It was noted that in the event that a false upper (9°) ILS lobe is encountered with the autopilot engaged, the adoption of an excessive pitch attitude is already automatically avoided by protection which is provided as part of the standard avionics fit for the A320neo, the A350 and the A380 and is also available for some A330/A340 dependent on the version of their onboard computers at build. The same “anti pitch-up excursion protection” is also intended to become progressively available on all other A320 family aircraft, including the A320ceo, from 2023.  

Similar Events: the Investigation noted two similar events which had been subject to independent investigation as one involving an Air France Airbus A340-300 at Paris CDG in 2012 and one involving a Ryanair Boeing 737-800 at Eindhoven in 2013.

Five potential Contributory Factors to the event were identified as follows:

  • The underestimation of the threat that a strong tailwind represents during the approach, mentioned for the landing phase during the approach briefing and insufficiently taken into account thereafter. Several factors may explain this underestimation:
    • The presence of other threats possibly perceived as more serious, such as windshear, might have overshadowed this threat.
    • The risk linked to a tailwind is often taken into account for landing and less so for the approach.
    • In the flight file, the reported wind for the approach was a tailwind of 25 knots. The threat was therefore not easily identifiable during flight preparation.
  • Insufficient monitoring of the glide path by the PM and the PF during the approach.
  • Not taking into account the controller’s suggestion to fly a missed approach.
  • The crew not having an objective in terms of altitude and distance to the threshold and not carrying out the checks at the key points of the approach, in particular on passing the Final Approach Point (FAP).
  • The two pilots having had little exposure, in training and line flying, to the interception of the glide slope from above despite their aviation experience.
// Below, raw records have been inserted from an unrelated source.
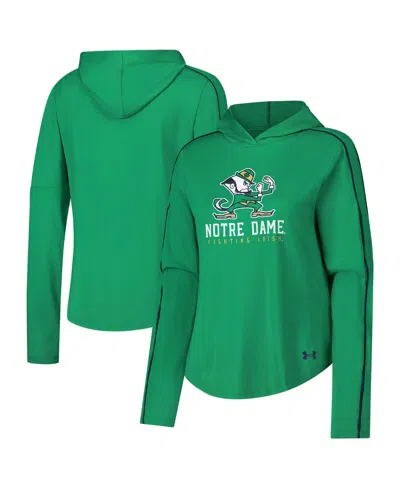 Under Armour Women's Green Notre Dame Fighting Irish Game Day Knockout Long Sleeve Hooded T-shirt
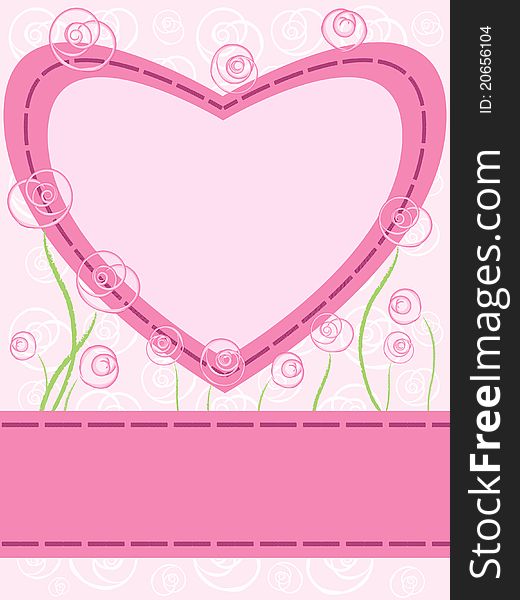 Card with heart and roses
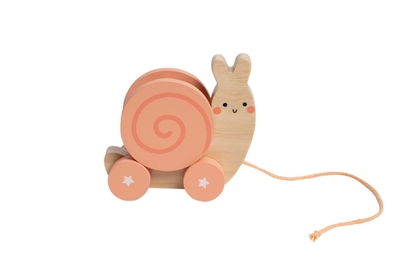 Wooden Snail Pull Toy, Pull Along Walking Toy, Early Development Push and Pull String Toy, Motor Skill Toy for Babies and Toddlers Ages 1+ Year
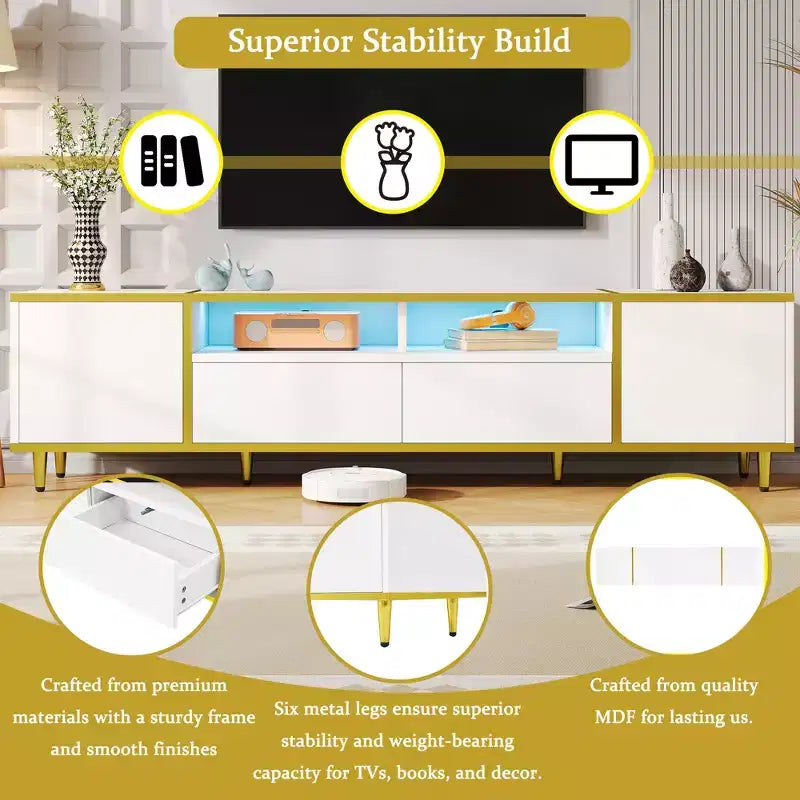 Meuble TV moderne de 180 cm pour téléviseurs de 203 cm – Lumières LED, 2 armoires, 2 tiroirs et 6 pieds en métal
Safety Action taken by Air France was noted as the publication in July 2020 of an information document on intercepting a glide slope from above to be used in support of ground training sessions which included the following reminders: 

  • If an aeroplane is above a 5° flight path to the runway threshold, there is a significant risk of acquiring a false glide slope signal.
  • To check the plane’s position with respect to a 5° flight path to the runway threshold, multiply its height in thousands of feet by two (e.g. at 5,000 ft, the 5° flight path is at 10 nm from the runway threshold).The FCOM includes a procedure for intercepting a glide slope from above once established on the localiser.

The Final Report was initially published in the definitive French language on 9 September 2021 and this was followed on 15 October 2021 by an English Language translation. No Safety Recommendations were made.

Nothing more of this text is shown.